Consumer spending picked up slightly in the fourth quarter mainly because consumers drew down their savings. Obviously, this can’t last.
Meanwhile, government is spending less on schools, roads, bridges, parks, defense, and social services. Government spending at all levels dropped at an annual rate of 4.6 percent in the last quarter – and that’s likely to continue.
Some economists worry this drop is a drag on the economy. But it also means fewer public goods available to all Americans regardless of income.
Congress still hasn’t decided whether to renew the temporary payroll tax cut and extend unemployment benefits past February. If it doesn’t, expect another 1 percent slice off GDP growth this year.
Tim Geithner is surely correct that the European debt crisis and Iran pose risks to the American economy in 2012. But they aren’t the biggest risk. The biggest risk is right here at home – that most Americans will continue to languish.
All of which raises a basic question: Who or what is the economy for? Surely not just for a few at the top, and not just big corporations and their CEOs. Nor can the success of the economy be measured by how fast the GDP is growing, or how high the Dow Jones Industrial Average is rising, or whether average incomes are turning upward.

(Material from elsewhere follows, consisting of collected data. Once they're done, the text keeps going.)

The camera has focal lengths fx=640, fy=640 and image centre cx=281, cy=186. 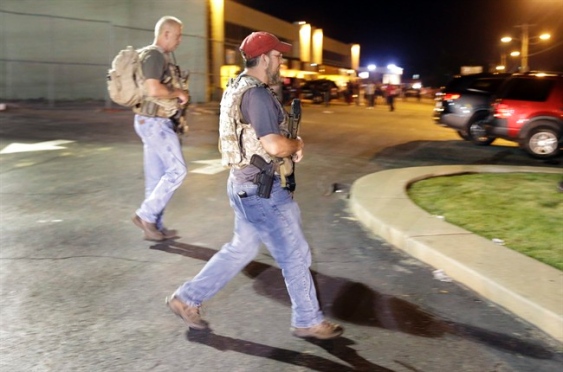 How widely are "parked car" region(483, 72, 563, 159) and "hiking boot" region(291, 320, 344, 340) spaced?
35.7ft

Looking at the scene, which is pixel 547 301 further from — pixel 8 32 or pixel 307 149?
pixel 8 32

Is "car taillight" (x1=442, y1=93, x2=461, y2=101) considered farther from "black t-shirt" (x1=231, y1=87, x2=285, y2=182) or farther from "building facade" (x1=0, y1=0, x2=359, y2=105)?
"black t-shirt" (x1=231, y1=87, x2=285, y2=182)

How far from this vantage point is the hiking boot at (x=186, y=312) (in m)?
4.27

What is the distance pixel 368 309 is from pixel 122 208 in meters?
4.03

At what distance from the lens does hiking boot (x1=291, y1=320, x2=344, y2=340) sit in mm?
4199

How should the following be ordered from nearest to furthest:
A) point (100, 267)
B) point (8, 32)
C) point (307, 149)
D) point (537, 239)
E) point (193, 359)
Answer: point (193, 359) < point (100, 267) < point (537, 239) < point (307, 149) < point (8, 32)

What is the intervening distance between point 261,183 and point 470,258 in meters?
2.63

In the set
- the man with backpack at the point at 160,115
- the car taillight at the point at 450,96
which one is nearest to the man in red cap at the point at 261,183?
the man with backpack at the point at 160,115

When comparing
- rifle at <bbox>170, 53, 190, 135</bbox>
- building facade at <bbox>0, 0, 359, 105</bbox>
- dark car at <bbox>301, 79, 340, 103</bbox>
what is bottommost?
rifle at <bbox>170, 53, 190, 135</bbox>

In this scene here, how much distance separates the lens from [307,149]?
13.7 meters

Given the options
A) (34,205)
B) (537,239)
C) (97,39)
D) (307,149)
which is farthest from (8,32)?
(537,239)

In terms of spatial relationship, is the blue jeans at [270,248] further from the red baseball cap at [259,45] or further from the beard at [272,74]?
the red baseball cap at [259,45]

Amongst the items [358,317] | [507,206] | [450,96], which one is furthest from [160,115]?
[450,96]

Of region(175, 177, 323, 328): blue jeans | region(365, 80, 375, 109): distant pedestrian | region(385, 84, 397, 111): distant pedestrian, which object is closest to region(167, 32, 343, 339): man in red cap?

The crisis of American capitalism marks the triumph of consumers and investors over workers and citizens. And since most of us occupy all four roles – even though the lion’s share of consuming and investing is done by the wealthy – the real crisis centers on the increasing efficiency by which all of us as consumers and investors can get great deals, and our declining capacity to be heard as workers and citizens.
Modern technologies allow us to shop in real time, often worldwide, for the lowest prices, highest quality, and best returns. Through the Internet and advanced software we can now get relevant information instantaneously, compare deals, and move our money at the speed of electronic impulses. We can buy goods over the Internet that are delivered right to our homes. Never before in history have consumers and investors been so empowered.
Yet these great deals increasingly come at the expense of our own and our compatriots’ jobs and wages, and widening inequality. The goods we want or the returns we seek can often be produced more efficiently elsewhere around the world by companies offering lower pay, fewer benefits, and inferior working conditions.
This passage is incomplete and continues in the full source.